Scroll down for a transcript, how to subscribe, and more

Welcome to Episode #28 of Habitual Excellence, presented by Value Capture.

Our guest is Rob MacIsaac, the president of Hamilton Health Sciences, from Hamilton, Ontario, Canada.

Today, we talk about how he got involved in healthcare leadership (after previously being the mayor of Burlington, Ontario, among other leadership roles). Rob shares reflections on meeting the late Paul O'Neill and what he learned from those interactions. Rob also shares three key takeaways about leadership:

  1. everybody has to be valued and respected
  2. everyone feels they are a member of a team, contributing to mission
  3. everybody needs to have the right tools to do their job

We also discuss what it means to be respected in the workplace, what it means to be recognized, and why leaders need to push toward “theoretical limits.”

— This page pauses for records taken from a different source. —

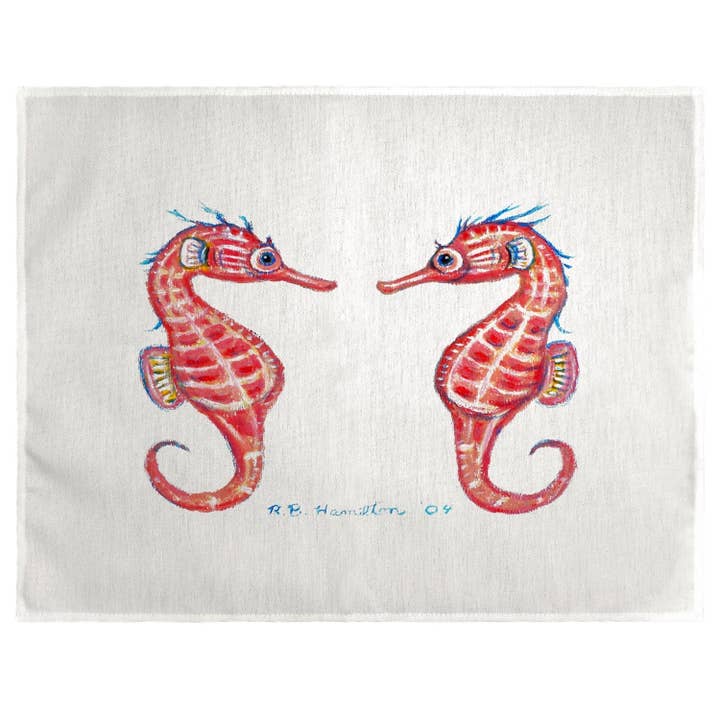 Betsy Drake Interiors – wholesale Placemat – Seahorses Mirrored Place Mat Set of 4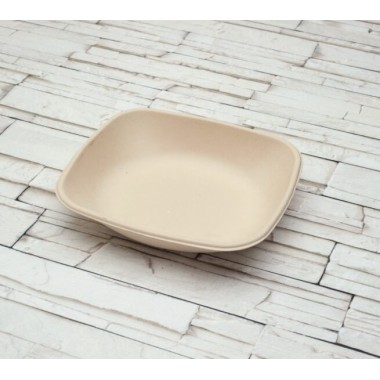 Ecobioshopping - Assiette rectangulaire Nature 600 ml en cellulose - 125 pièces - 14968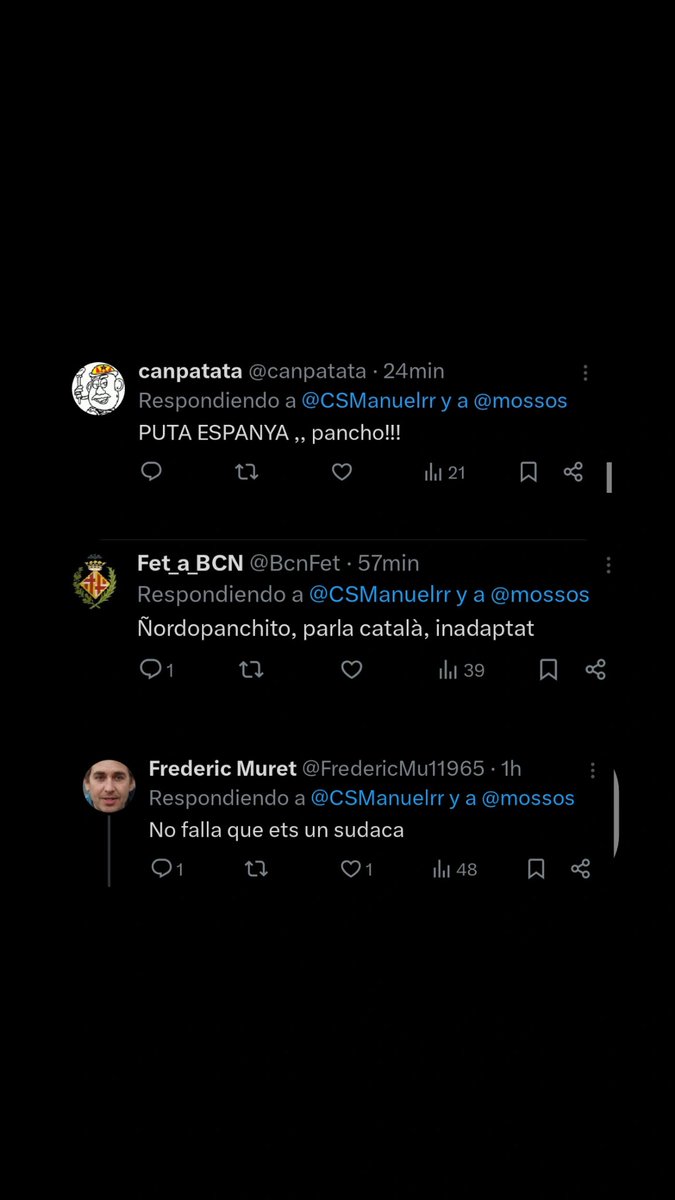 Esta es la "normalidad" en Cataluña. Esta es la "Gent de pau" 😉

Son tan xenófobos que ven una bandera de Colombia en mi perfil y se llenan de odio.

Ojalá os veáis un día en un juzgado por vuestro racismo asqueroso 🤮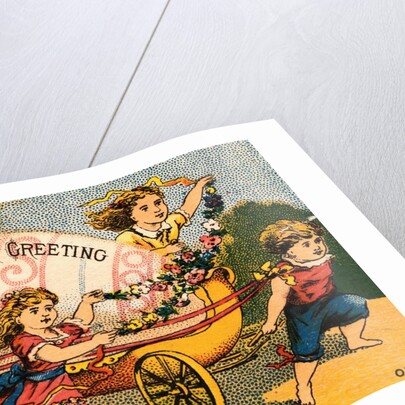 Children Pulling Giant Easter Egg by Anonymous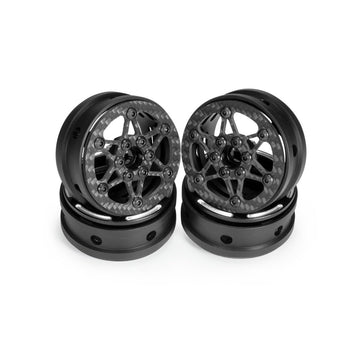 SCX10 TRX4 1.9 Inch RC Crawler Carbon Fiber Wheels Rims, 4PCS Beadlock Wheels Carbon Fiber Wheel Rimsfor 1/10 RC Crawler Cheater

We hope you enjoy the episode. We'll be back in two weeks after taking the Thanksgiving week off…



"The first [rule] is that no organization can be successful unless everybody feels valued and respected."

"The second [rule] is that everybody in the organization really has to feel that they understand they're a member of the team and what the team is trying to accomplish."

"Unless you give [everybody] some say in the organization and the ability to actually have some input into how you're running the organization, you cannot get to the upper echelons of quality..."

Click to visit the main Habitual Excellence podcast page.


To make sure you don't miss an episode, be sure to subscribe today! Please rate and review the podcast.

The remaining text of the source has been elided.